第４図に示すようにベクトル化抑止の最適化
制御行を生成し、原始プログラム中に組み入れ
る。 As shown in FIG. 4, an optimization control line for suppressing vectorization is generated and incorporated into the source program.

第６図は、本発明の効果を説明するための性能
比較を示す図である。第６図において、Ｌ１はス
カラループ、Ｌ２はベクトル化によつて性能が低
下するループ、Ｌ３はベクトル化によつて性能が
向上するループを表している。 FIG. 6 is a diagram showing a performance comparison for explaining the effects of the present invention. In FIG. 6, L1 represents a scalar loop, L2 represents a loop whose performance is degraded by vectorization, and L3 represents a loop whose performance is improved by vectorization.

今、プログラムのベクトル化率が95％であると
仮定する。また、ベクトル化による性能向上比が
１０倍、ベクトル化による性能低下比が５倍、低
下部分（Ｌ２の部分）がベクトル化可能部分の10
％であるとする。第６図イに示すオリジナルの実
行時間、即ち、すべてスカラの演算命令により処
理した場合の実行時間を100とすると、第６図ロ
に示すベクトル化による実行時間T1は、次のよ
うになる。 Now, assume that the vectorization rate of the program is 95%. Also, the performance improvement ratio due to vectorization is 10 times, the performance decrease ratio due to vectorization is 5 times, and the degraded part (L2 part) is 10 times the part that can be vectorized.
%. Assuming that the original execution time shown in FIG. 6A, that is, the execution time when processing is performed entirely using scalar arithmetic instructions, is 100, the execution time T1 by vectorization shown in FIG. 6B is as follows.

T1＝95×０・９／10＋95×0.1×５＋５＝61.05 この実行時間T1は、従来方式によるベクトル
化の性能と考えてよい。 T1=95×0.9/10+95×0.1×5+5=61.05 This execution time T1 can be considered as the performance of vectorization using the conventional method.

一方、本発明による最適チユーニングを行え
ば、その実行時間T2は、第６図ハに示すように
なり、次のようになる。 On the other hand, if the optimal tuning according to the present invention is performed, the execution time T2 becomes as shown in FIG. 6C, and is as follows.

T2＝95×0.9／10＋95×0.1＋５＝23.05 対象性能比およびオリジナル比は、それぞれ次
のようになる。 T2=95×0.9/10+95×0.1+5=23.05 The target performance ratio and the original ratio are as follows.

相対性能比＝T1／T2＝61.05／23.05＝2.64（倍）オリジナル比＝100／23.05＝4.33（倍）〔発明の効果〕以上説明したように、本発明によれば、ベクト
ル化による性能低下要因が除去されるので、ベク
トル計算機向けの最適チユーニングが可能にな
る。 Relative performance ratio = T1/T2 = 61.05/23.05 = 2.64 (times) Original ratio = 100/23.05 = 4.33 (times) [Effects of the invention] As explained above, according to the present invention, the factor of performance decline due to vectorization is removed, making it possible to perform optimal tuning for vector computers.

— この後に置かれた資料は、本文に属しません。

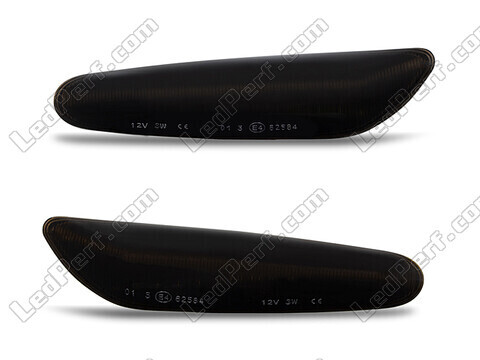 Vista frontal de los intermitentes laterales dinámicos de LED para BMW Serie 1 (E81 E82 E87 E88) - Color negro ahumado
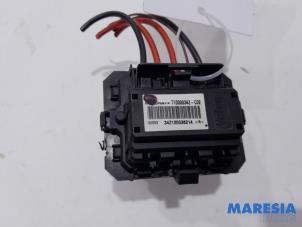 Used Heater resistor Renault Wind (EN/E4) 1.2 16V GT TCE eco2 Price € 20,00 Margin scheme offered by Maresia Parts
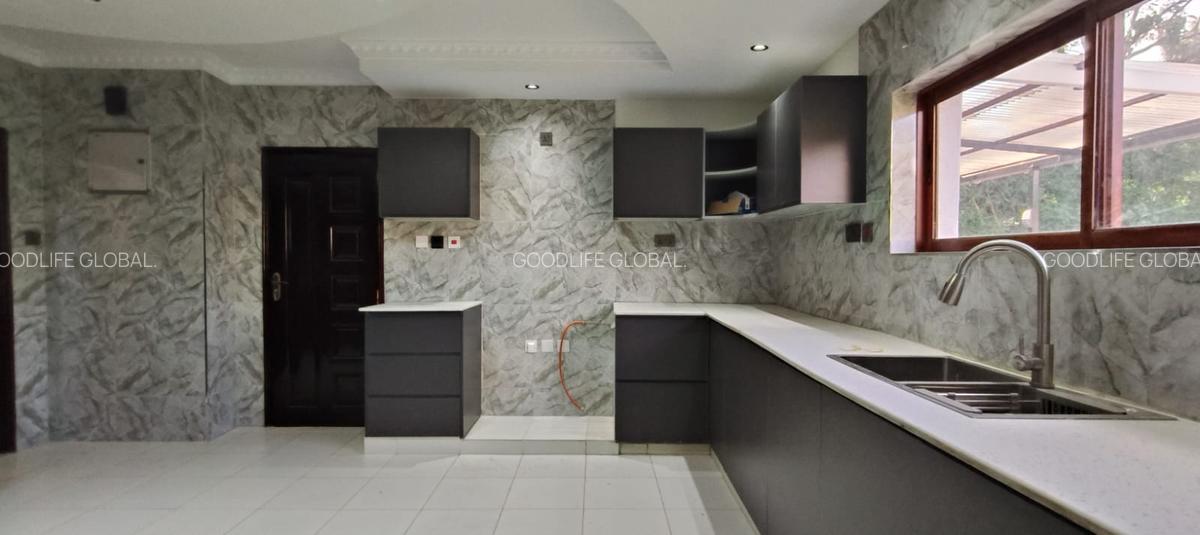 5 Bed House with En Suite at New Kitisuru - 7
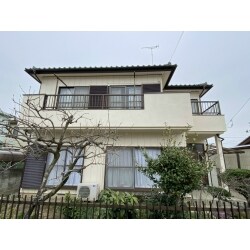 外壁の他に樋を新しくしたり、雨戸や軒天も塗装しなおしました。約30年ぶりに新築のような外観になりました。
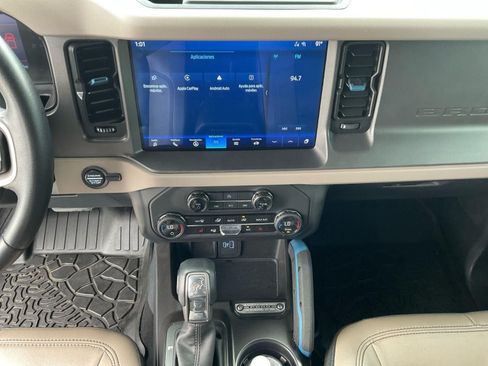 Used 2024 Ford Bronco Wildtrak AWD/4WD image 11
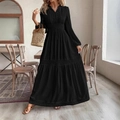 Detail van elegante zwarte maxi-jurk met kanten inzetstukken en lantaarnmouwen - S / Zwart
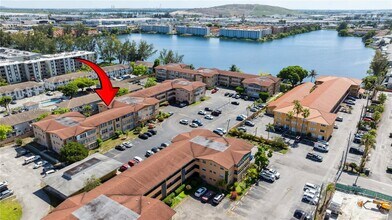 140 Royal Palm Rd in Hialeah Gardens, FL - Building Photo - Building Photo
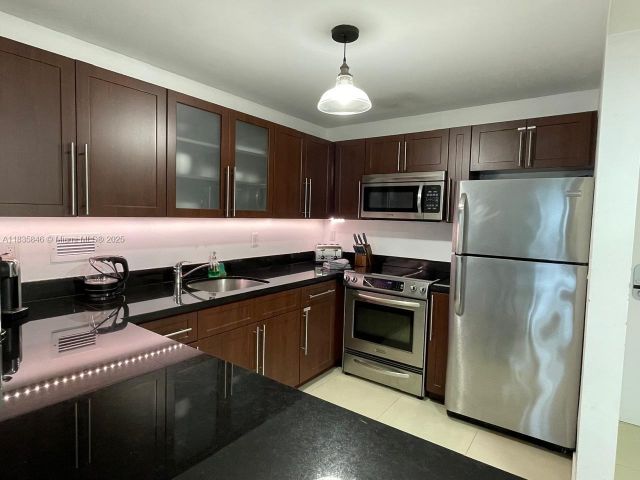 Apartment for sale  Unit #735 - photo 6257772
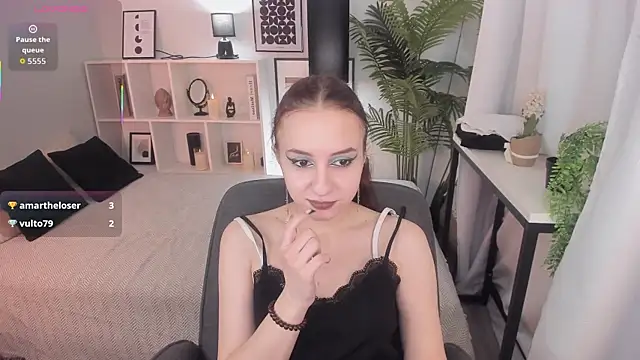 Snapshot of BeautifulSnake chatting on 27, 11, 2025 BeautifulSnake online show from 27, 11, 2025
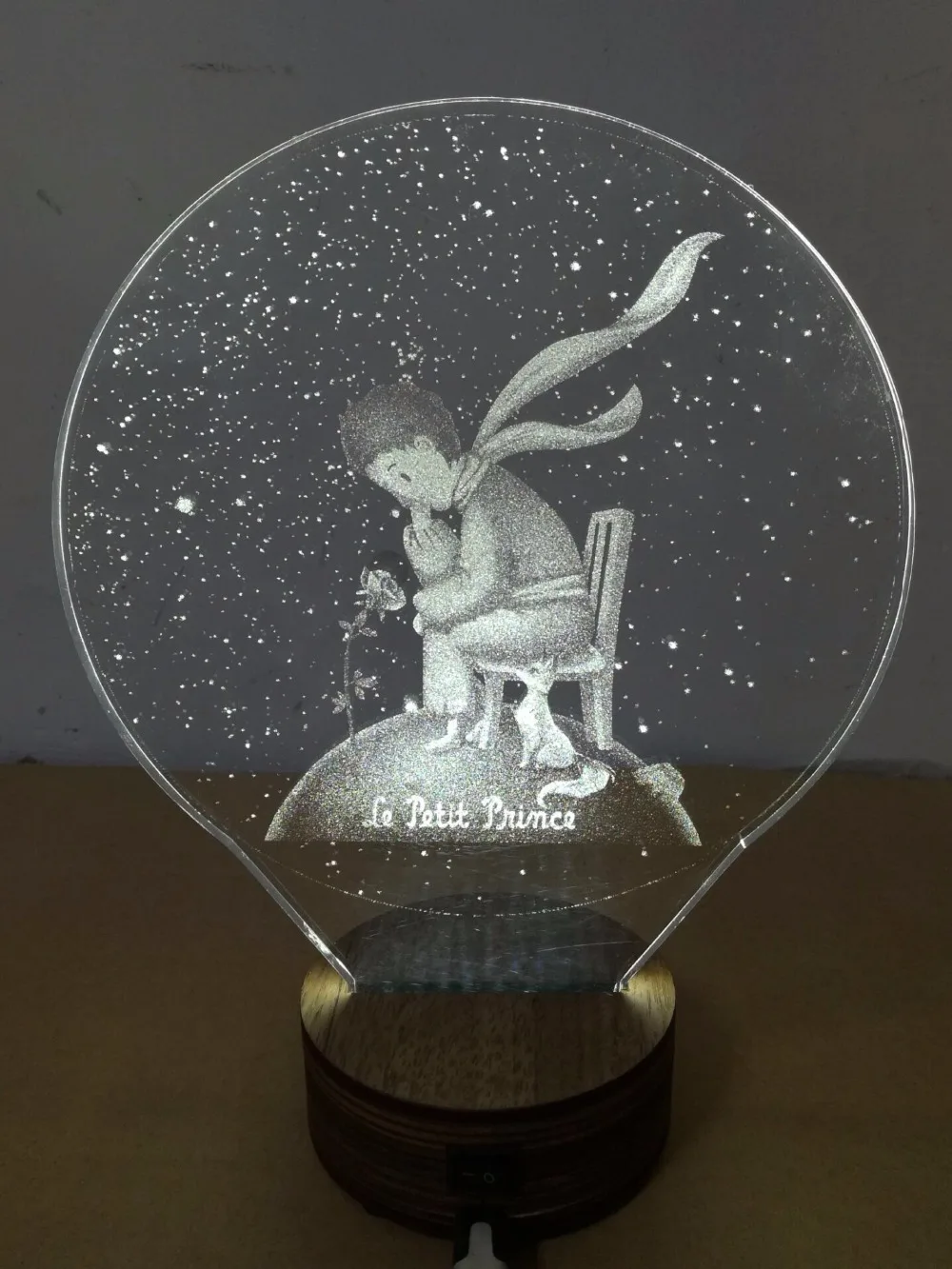 2018 Newest Creative night light Christmas decoration wapiti pattern stereo visual light Disc scenery lighting Children's gifts
2018 Newest Creative night light Christmas decoration wapiti pattern stereo visual light Disc scenery lighting Children's gifts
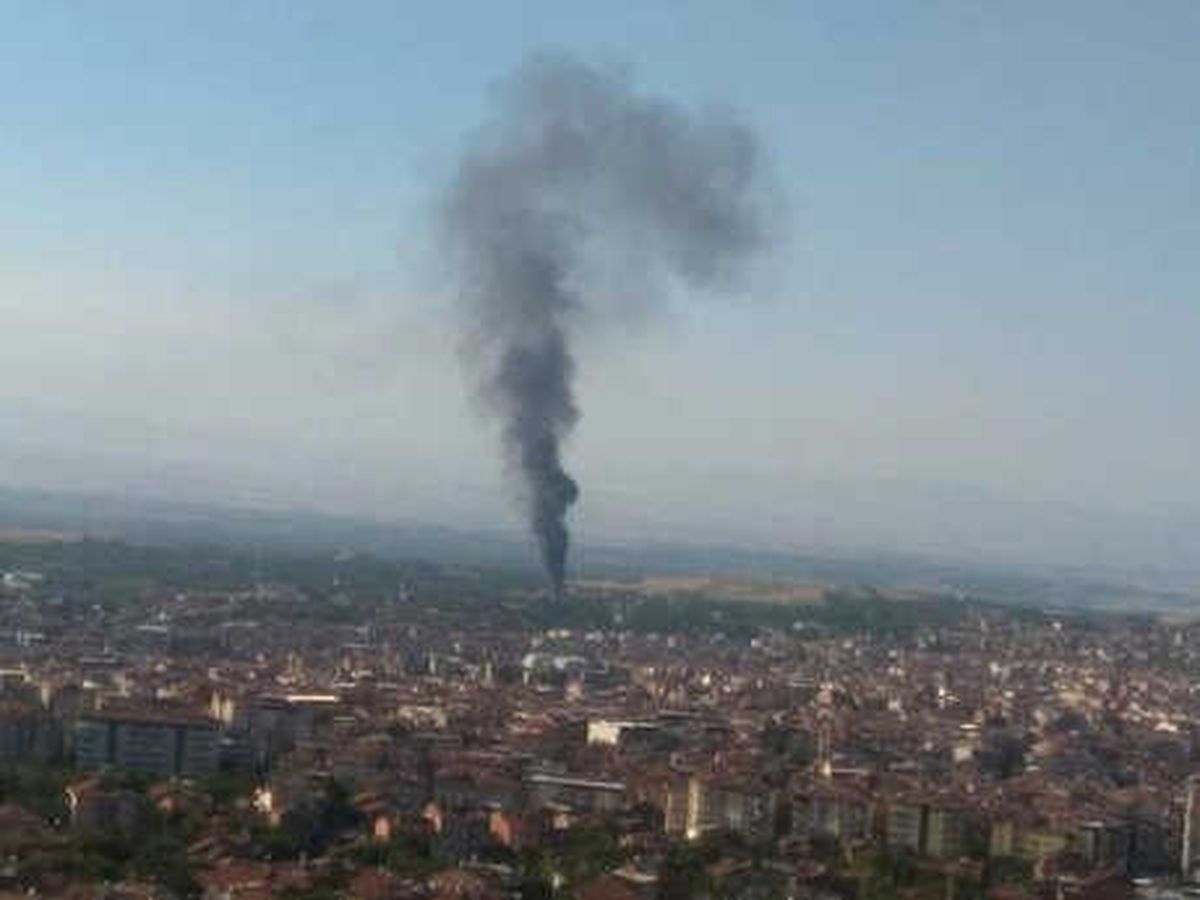 Hurdalıkta Çıkan Yangın Evlerde Hasar Oluşturdu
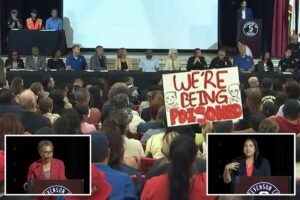 Furious Boyle Heights residents clash with Karen Bass over response to warehouse fire: ‘Who can yell the loudest’ Furious Boyle Heights residents clash with Karen Bass over response to warehouse fire: ‘Who can yell the loudest’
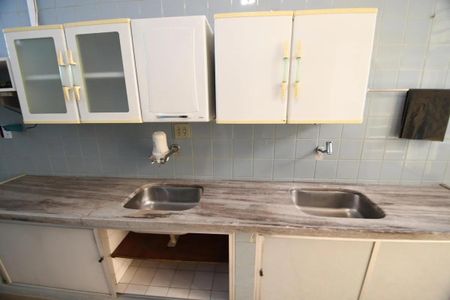Casa à venda com 230m², 3 quartos e 2 vagas Casa à venda com 230m², 3 quartos e 2 vagasCozinha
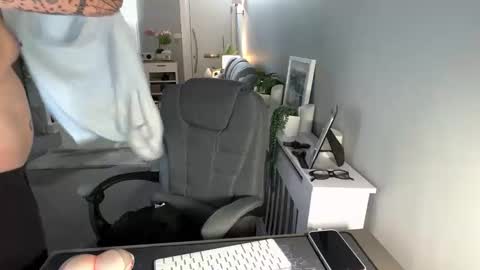 Snapshot of mtb1697 chatting on 03.31.26 mtb1697 online show from 03.31.26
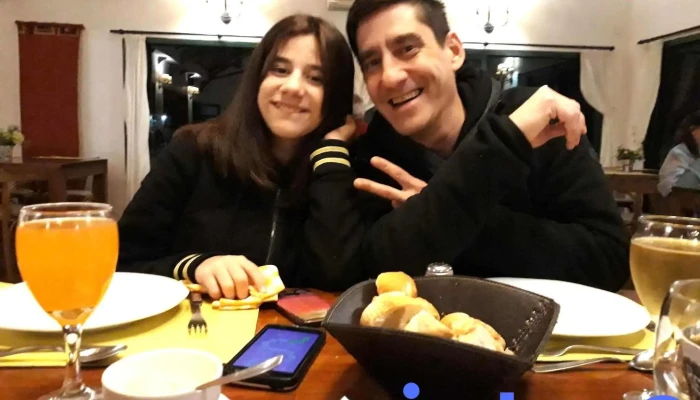 Posada Hambare -  Comida Y Bebida - Esquina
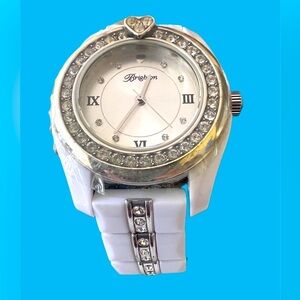BRIGHTON  DANA POINT Latte Crystal Silver Round Disc Watch.  With a new battery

[Brief explanation of drawings]

第１図は本発明の原理ブロツク図、第２図は本
発明が適用されるシステムの例、第３図は本発明
の一実施例に係るベクトルコスト分析を説明する
ための図、第４図は本発明の一実施例に係る最適
化制御行の生成を説明するための図、第５図は本
発明の一実施例処理説明図、第６図は最適化によ
る性能比較説明図を示す。図中、１０は最適チユーニング処理部、１１は
実行解析情報入力部、１２はベクトルコスト分析
部、１３は最適化制御行生成部、１４は原始プロ
グラム入力部、１５はチユーニング原始プログラ
ム出力部を表す。 FIG. 1 is a principle block diagram of the present invention, FIG. 2 is an example of a system to which the present invention is applied, FIG. 3 is a diagram for explaining vector cost analysis according to an embodiment of the present invention, and FIG. 4 5 is a diagram illustrating generation of an optimized control line according to an embodiment of the present invention, FIG. 5 is a diagram illustrating processing of an embodiment of the present invention, and FIG. 6 is a diagram illustrating performance comparison by optimization. In the figure, 10 is an optimal tuning processing section, 11 is an execution analysis information input section, 12 is a vector cost analysis section, 13 is an optimization control line generation section, 14 is a source program input section, and 15 is a tuning source program output section. .

Claims

[Scope of Claims] 1. A vector computer language tuning processing method for tuning a source program of a program to be run on a processing device having a vector computer, which is a vectorization target based on execution analysis information of the program to be tuned. Vector cost analysis means 12 for analyzing vector costs related to execution performance due to vectorization for loop ranges
and an optimization control line generation means 13 that incorporates an optimization control line instructing to suppress vectorization for the loop range into the tuning target source program when the vector cost is larger than the scalar cost in the case of not vectorizing. A language tuning processing method for a vector computer, characterized by comprising the following.